Citations sur Franz Schubert (8)
Dès les premiers essais se remarque une souplesse du discours que nourrit un jaillissement constant du lyrisme: il apparaît bien, aussitôt, que l'esprit du lied imprègne chaque mesure, chaque thème: dans les structures, certes, mais plus encore dans les climats.
Dans toute sa musique, il garde de la retenue et de la pudeur. Il suggère sa souffrance plutôt qu'il ne l'étale, son sourire a toujours quelque chose de réticent. Schubert exprime l'ambiguïté essentielle de notre nature et de notre état sur la terre, et l'ambiguïté ne saurait se traduire par des cris, des éclats, des gestes tranchants, des affirmations catégoriques.
Franz Schubert a métamorphosé en musique un monde poétique. Il a mené le lied jusqu'à des sommets inexplorés à cette époque et il a montré ce qu'est tout art: intensification, concentration, pureté de la forme.
La syphilis, aujourd'hui bénigne, était incurable au siècle dernier: Schubert le savait, le pressentait du moins, car il sombra dans la neurasthénie.
Il voit sa santé détruite, sa vie gâchée, ses espérances de jeunesse anéanties. Quelque chose en lui se brise; cette mélancolie, ce sont de cristal fêlé que signaient toutes ces œuvres, deviennent cris de douleur, déchirement, tristesse sans rémission.
Ne pouvant atteindre la vraie vie, il se contente de la vie rêvée. Le théâtre lui offre cette double illusion, l'illusion comique jointe à l'illusion sentimentale. C'est un puissant aimant sur des natures à la fois avides et blessées comme celle de Schubert que la féérie de la scène. Tout y est faux et d'une certaine manière plus vrai que le vrai, puisque le vrai, pour toucher, a besoin d'être corrigé, dépouillé, transfiguré par l'art.
Schubert incarne, en effet, une des formes les plus respectables et des plus persuasives du romantisme. Le "mal du siècle" avait provoqué chez les artistes qui en furent atteints les réactions organiques les plus diverses: alors que Weber fut un méditatif pondéré, Schumann, un hypocondriaque et Berlioz, un épileptique, Schubert n'était atteint que d'une hypertrophie du cœur dont aucun signe extérieur ne pouvait révéler l'existence. C'était un timide, cordial et casanier dont l'exaltation intérieure possédait le miraculeux privilège d'arracher secrètement au prosaïsme de la vie des trésors insoupçonnés de poésie, une abeille qui, du suc des plus pauvres fleurs, savait tirer un miel délicieux. Et ce fut, en réalité, la manifestation la plus humaine et la plus durable de cet idéal artistique collectif engendré par une trop forte épidémie d'individualisme.

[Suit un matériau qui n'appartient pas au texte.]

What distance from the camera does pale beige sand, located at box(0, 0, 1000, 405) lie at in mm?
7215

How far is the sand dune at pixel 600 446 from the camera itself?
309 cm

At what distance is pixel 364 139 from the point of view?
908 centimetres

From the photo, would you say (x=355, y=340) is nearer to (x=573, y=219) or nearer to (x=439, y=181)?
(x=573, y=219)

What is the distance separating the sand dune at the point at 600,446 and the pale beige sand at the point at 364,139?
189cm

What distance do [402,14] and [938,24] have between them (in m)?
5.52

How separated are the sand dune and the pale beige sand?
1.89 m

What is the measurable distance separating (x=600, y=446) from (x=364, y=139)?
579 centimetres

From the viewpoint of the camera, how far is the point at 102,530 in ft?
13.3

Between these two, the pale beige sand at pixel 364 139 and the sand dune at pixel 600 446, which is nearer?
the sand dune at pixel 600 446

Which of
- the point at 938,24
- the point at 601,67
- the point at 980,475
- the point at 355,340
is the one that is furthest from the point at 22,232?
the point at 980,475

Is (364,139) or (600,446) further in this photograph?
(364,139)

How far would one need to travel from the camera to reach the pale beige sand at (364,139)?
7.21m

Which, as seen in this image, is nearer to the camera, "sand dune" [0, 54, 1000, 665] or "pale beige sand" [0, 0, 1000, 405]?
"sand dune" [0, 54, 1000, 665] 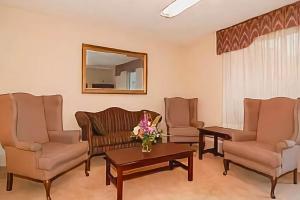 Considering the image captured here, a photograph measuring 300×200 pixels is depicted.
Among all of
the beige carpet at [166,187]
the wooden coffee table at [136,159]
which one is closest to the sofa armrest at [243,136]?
the beige carpet at [166,187]

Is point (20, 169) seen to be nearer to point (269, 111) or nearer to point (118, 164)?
point (118, 164)

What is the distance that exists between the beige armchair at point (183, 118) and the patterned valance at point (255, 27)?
1.34 metres

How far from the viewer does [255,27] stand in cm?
372

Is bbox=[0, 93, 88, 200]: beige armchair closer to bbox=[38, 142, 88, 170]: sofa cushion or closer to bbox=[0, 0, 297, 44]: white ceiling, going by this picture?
bbox=[38, 142, 88, 170]: sofa cushion

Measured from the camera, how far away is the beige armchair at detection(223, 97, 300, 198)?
251 centimetres

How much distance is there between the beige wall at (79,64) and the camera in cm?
351

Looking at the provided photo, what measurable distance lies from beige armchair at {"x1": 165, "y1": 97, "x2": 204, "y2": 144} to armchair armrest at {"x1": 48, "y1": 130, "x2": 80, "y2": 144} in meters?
1.91

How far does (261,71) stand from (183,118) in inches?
73.5

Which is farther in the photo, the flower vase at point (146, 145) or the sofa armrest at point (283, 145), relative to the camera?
the flower vase at point (146, 145)

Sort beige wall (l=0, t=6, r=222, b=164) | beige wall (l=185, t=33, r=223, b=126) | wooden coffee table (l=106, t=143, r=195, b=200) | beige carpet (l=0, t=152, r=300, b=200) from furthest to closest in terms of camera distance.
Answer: beige wall (l=185, t=33, r=223, b=126)
beige wall (l=0, t=6, r=222, b=164)
beige carpet (l=0, t=152, r=300, b=200)
wooden coffee table (l=106, t=143, r=195, b=200)

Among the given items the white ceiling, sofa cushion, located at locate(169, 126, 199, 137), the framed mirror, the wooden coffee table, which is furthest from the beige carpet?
the white ceiling

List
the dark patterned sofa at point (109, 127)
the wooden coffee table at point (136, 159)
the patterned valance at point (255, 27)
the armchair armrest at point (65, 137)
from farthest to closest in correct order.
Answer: the dark patterned sofa at point (109, 127) → the patterned valance at point (255, 27) → the armchair armrest at point (65, 137) → the wooden coffee table at point (136, 159)

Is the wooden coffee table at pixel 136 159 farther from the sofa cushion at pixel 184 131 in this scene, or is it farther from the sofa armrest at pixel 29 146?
the sofa cushion at pixel 184 131

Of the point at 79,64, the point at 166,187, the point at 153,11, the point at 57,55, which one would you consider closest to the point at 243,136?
the point at 166,187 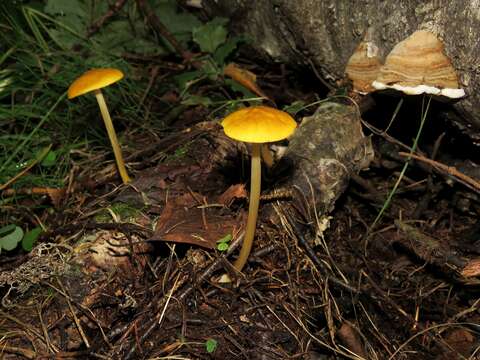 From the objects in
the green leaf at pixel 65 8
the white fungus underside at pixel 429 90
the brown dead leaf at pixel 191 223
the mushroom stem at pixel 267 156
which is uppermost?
the green leaf at pixel 65 8

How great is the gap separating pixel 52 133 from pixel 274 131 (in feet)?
6.83

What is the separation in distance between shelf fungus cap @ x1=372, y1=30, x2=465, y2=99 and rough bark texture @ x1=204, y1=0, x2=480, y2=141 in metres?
0.04

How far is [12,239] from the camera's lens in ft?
8.82

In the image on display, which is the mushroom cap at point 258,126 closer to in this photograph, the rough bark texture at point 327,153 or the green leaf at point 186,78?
the rough bark texture at point 327,153

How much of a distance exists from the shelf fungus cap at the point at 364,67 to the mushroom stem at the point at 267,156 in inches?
27.6

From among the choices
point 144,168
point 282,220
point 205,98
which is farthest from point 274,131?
point 205,98

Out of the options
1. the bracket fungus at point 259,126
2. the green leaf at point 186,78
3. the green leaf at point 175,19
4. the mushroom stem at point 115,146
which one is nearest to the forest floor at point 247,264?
the mushroom stem at point 115,146

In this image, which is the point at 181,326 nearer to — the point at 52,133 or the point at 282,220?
the point at 282,220

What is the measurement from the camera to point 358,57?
284 centimetres

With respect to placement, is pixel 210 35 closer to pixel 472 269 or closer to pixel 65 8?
pixel 65 8

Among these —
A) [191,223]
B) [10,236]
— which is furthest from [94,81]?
[10,236]

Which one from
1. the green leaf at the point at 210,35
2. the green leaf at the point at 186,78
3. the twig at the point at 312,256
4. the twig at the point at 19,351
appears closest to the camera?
the twig at the point at 19,351

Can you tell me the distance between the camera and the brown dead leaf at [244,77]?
11.4ft

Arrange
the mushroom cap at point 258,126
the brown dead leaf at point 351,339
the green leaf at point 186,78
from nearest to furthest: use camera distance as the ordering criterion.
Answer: the mushroom cap at point 258,126
the brown dead leaf at point 351,339
the green leaf at point 186,78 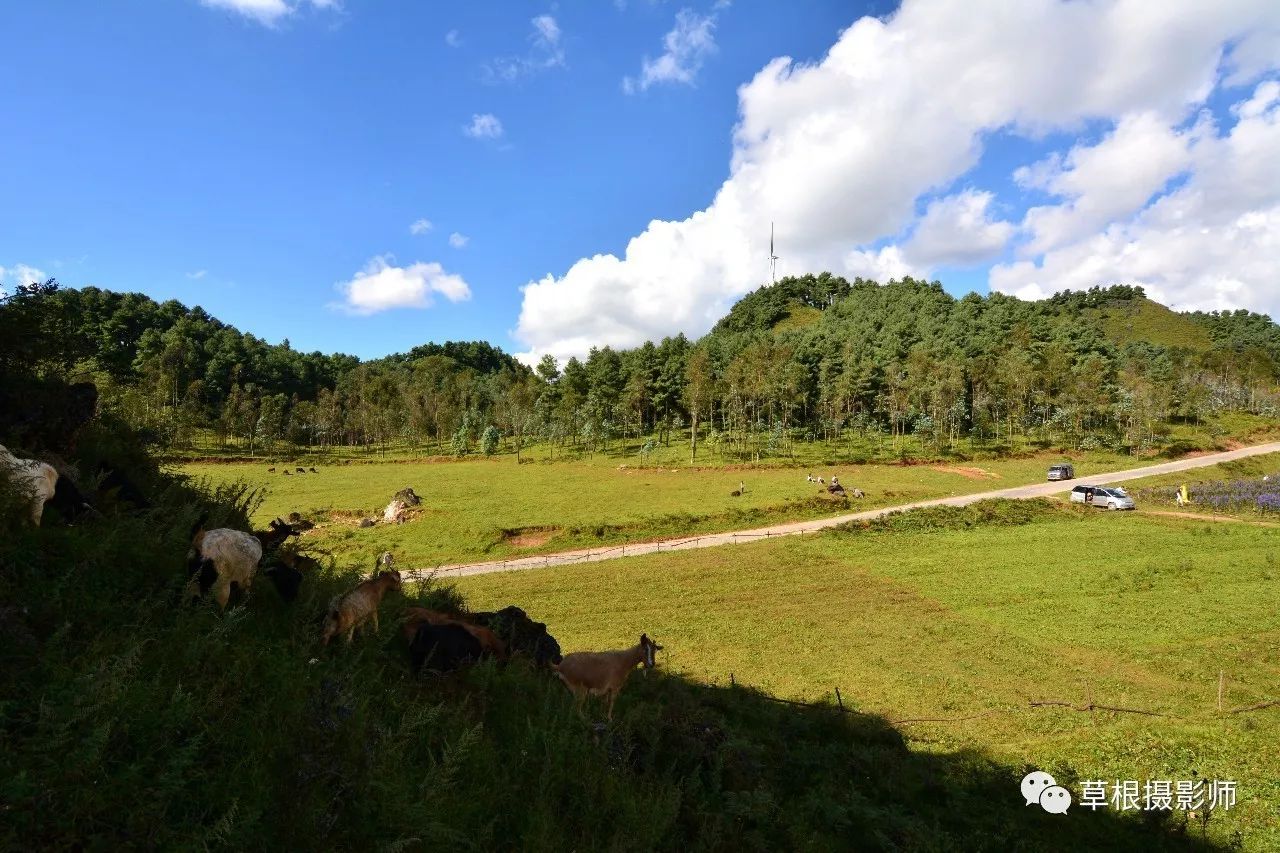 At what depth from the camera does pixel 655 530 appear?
4022 centimetres

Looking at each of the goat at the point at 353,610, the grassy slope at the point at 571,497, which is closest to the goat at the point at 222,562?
the goat at the point at 353,610

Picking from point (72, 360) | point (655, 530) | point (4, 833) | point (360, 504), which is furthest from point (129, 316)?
point (4, 833)

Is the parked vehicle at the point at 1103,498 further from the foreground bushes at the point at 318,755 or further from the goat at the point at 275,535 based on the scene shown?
the goat at the point at 275,535

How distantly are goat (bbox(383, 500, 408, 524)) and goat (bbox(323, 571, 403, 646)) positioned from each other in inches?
1461

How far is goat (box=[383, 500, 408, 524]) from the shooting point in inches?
1686

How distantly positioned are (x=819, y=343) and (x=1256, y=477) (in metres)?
68.3

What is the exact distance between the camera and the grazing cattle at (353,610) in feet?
24.7

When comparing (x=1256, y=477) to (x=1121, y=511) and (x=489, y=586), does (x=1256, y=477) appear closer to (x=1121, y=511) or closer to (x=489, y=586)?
(x=1121, y=511)

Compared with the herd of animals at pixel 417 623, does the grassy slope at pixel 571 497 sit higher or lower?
lower

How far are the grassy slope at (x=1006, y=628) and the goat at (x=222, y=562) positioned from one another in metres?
13.2

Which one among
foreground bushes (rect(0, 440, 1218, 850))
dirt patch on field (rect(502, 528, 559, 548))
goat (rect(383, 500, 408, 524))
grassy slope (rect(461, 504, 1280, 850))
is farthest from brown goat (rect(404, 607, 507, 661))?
goat (rect(383, 500, 408, 524))

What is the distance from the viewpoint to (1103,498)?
139ft

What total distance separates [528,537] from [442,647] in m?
31.0

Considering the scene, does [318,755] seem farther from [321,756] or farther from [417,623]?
[417,623] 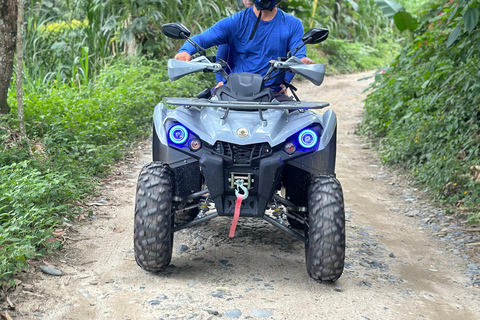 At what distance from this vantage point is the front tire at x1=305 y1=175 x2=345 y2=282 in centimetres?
363

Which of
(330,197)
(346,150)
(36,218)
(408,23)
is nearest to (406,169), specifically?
(346,150)

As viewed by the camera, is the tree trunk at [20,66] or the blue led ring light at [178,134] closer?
the blue led ring light at [178,134]

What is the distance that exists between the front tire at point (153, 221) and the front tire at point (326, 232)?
918 mm

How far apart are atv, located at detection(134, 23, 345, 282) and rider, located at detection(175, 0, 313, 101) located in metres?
0.54

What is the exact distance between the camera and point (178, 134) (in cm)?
372

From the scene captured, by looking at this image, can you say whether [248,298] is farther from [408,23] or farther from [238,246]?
[408,23]

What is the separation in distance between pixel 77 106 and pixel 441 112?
4787mm

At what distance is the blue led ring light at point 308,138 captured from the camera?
366 cm

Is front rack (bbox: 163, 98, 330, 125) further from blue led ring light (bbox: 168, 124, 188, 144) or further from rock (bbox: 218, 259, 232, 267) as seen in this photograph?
rock (bbox: 218, 259, 232, 267)

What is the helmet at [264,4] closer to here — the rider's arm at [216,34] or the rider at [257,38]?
the rider at [257,38]

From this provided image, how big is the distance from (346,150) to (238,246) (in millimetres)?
5139

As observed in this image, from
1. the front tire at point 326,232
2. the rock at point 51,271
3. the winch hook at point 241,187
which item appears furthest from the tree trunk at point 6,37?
the front tire at point 326,232

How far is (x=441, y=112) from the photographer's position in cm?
771

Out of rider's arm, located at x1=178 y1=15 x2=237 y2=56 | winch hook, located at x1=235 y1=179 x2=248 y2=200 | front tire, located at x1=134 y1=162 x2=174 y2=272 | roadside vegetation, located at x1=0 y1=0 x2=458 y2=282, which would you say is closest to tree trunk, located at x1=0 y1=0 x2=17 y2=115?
roadside vegetation, located at x1=0 y1=0 x2=458 y2=282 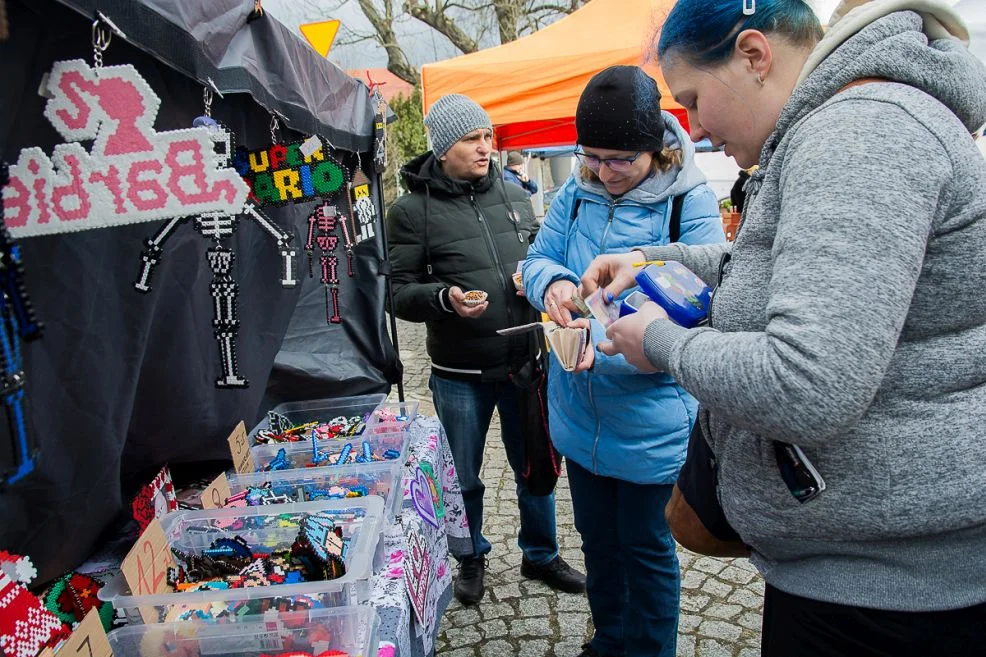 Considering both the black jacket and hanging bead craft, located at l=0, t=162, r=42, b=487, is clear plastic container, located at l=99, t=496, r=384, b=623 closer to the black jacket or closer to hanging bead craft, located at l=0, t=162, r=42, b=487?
hanging bead craft, located at l=0, t=162, r=42, b=487

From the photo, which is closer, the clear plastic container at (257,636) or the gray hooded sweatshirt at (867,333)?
the gray hooded sweatshirt at (867,333)

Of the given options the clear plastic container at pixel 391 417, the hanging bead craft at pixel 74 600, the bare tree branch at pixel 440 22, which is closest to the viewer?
the hanging bead craft at pixel 74 600

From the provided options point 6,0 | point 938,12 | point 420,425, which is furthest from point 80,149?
point 420,425

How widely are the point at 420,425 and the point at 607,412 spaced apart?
30.8 inches

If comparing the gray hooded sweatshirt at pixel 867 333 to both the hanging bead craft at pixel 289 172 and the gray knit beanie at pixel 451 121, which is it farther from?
the gray knit beanie at pixel 451 121

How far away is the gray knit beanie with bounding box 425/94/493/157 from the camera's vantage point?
2.55 m

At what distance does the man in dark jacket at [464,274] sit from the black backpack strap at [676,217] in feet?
2.63

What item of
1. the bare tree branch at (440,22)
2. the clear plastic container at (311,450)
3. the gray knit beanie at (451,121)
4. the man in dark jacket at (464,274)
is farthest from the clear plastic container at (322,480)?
the bare tree branch at (440,22)

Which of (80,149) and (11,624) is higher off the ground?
(80,149)

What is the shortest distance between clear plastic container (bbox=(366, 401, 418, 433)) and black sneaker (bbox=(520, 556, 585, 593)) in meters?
0.91

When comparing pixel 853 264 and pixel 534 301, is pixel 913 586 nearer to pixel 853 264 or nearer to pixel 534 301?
pixel 853 264

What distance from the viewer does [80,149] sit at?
973mm

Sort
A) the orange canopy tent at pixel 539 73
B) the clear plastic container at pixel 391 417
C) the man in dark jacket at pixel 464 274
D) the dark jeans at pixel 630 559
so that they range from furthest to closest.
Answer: the orange canopy tent at pixel 539 73, the man in dark jacket at pixel 464 274, the clear plastic container at pixel 391 417, the dark jeans at pixel 630 559

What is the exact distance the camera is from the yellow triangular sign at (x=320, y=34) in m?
2.38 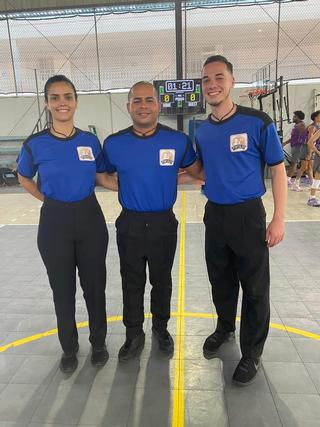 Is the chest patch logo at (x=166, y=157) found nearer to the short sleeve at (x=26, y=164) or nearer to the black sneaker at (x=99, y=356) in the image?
the short sleeve at (x=26, y=164)

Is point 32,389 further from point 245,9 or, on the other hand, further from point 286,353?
point 245,9

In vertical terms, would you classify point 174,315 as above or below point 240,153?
below

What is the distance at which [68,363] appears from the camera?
2369mm

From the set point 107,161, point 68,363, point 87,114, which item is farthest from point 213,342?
point 87,114

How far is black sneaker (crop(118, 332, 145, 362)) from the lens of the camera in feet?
8.00

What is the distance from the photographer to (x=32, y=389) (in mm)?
2193

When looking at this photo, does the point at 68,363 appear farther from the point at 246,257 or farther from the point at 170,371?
the point at 246,257

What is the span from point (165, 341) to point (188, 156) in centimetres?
129

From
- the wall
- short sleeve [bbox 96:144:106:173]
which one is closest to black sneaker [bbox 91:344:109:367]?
short sleeve [bbox 96:144:106:173]

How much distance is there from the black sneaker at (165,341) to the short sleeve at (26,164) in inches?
54.2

Vogl, dans son journal, signale ce qu'il appelle heureusement la seconde vue musicale de Schubert: "Jamais l'absence d'une bonne école de chant ne s'est fait aussi vivement sentir que devant les lieder de Schubert. Sinon, quel effet surprenant produiraient ces compositions vraiment divines, ces témoignages de seconde vue musicale, partout où l'allemand est compris! Combien d'êtres comprendraient, pour la première fois peut-être ce que signifient paroles, poésie en musique, mots en harmonie, pensées revêtues de musique?"
On ne saurait mieux définir le lieder.
Il travaillait avec une régularité merveilleuse, tous les matins, de six ou sept heures jusqu'à midi ou une heure. Quand il avait fini une composition, il en commençait aussitôt une autre. Ce détachement pour l’œuvre terminée, cette absence de complaisance pour ce qu'on vient de faire sont la marque d'un esprit toujours en travail, dont l'activité se ranime sans cesse par les créations successives auxquelles il prête vie et dont il se retire dès que le but est atteint. Cette apparente infidélité témoigne d'une fidélité supérieure, celle de l'artiste envers lui-même.